Madrid feiert formel e als neue königsklasse – mit felipe vi. und 800.000 zuschauern
Der Circuito del Jarama wurde zur Kulisse eines Staatsakts. Felipe VI., Isabel Díaz Ayuso, Roberto Carlos, David Bisbal – sie alle wollten nicht nur glänzen, sondern wissen, wie die 350 kW starke Antriebseinheit von morgen funktioniert.
Der könig schaut unter die haube
Pepe Martí öffnete im CUPRA-Kiro-Box die Carbon-Klappe seines Gen3-Renners. Zwischen Kühllüfter und Hochvolt-Kabel erklärte er dem spanischen Staatsoberhaupt, warum die Batterie 51 kWh reicht, um 285 km/h Spitze zu treiben. Martí sprach von thermischem Management, von Regenerations-Phasen, von Software-Updates während des Rennens. Felipe VI. nickte, fragte nach Ladezyklen und Lebensdauer. Neben ihm lauschte Alejandro Agag, der Mitbegründer der Serie, wie ein Schüler, der gerade die beste Klassenarbeit abgeliefert hat.
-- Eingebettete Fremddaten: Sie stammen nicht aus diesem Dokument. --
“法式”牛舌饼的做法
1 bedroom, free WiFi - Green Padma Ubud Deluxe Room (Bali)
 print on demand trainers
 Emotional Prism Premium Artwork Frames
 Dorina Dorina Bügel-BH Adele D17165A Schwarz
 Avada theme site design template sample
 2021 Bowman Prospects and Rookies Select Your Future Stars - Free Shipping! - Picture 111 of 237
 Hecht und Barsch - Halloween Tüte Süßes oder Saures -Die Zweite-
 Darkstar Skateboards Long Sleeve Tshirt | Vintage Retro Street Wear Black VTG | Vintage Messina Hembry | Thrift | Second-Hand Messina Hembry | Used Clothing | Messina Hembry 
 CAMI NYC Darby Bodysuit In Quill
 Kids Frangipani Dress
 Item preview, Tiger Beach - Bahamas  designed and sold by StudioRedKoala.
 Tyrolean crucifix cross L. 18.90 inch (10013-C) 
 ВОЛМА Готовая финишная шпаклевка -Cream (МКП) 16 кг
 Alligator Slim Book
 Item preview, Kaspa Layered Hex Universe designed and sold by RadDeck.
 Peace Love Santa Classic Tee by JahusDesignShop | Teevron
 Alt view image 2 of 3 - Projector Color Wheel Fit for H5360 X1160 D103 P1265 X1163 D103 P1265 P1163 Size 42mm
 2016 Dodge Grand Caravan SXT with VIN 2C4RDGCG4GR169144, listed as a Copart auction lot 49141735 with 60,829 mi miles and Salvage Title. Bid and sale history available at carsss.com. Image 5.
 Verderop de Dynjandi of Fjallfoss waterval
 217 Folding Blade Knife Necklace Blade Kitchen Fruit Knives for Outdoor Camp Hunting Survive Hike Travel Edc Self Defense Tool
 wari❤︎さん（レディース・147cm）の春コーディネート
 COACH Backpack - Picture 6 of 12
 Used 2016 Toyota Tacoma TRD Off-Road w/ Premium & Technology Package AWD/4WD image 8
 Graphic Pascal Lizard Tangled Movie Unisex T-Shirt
Die Zahl, die nach dem Wochenende durch die Gazetten geht, ist nicht die Rundenzeit – sie ist 804.317. So viele Streams zählte MARCA.com, mehr als jede andere Formel-E-Konfrontation dieser Saison. Die elektrische Königsklasse hat Madrid erobert, ohne dass ein einziger Verbrenner auf der Strecke war.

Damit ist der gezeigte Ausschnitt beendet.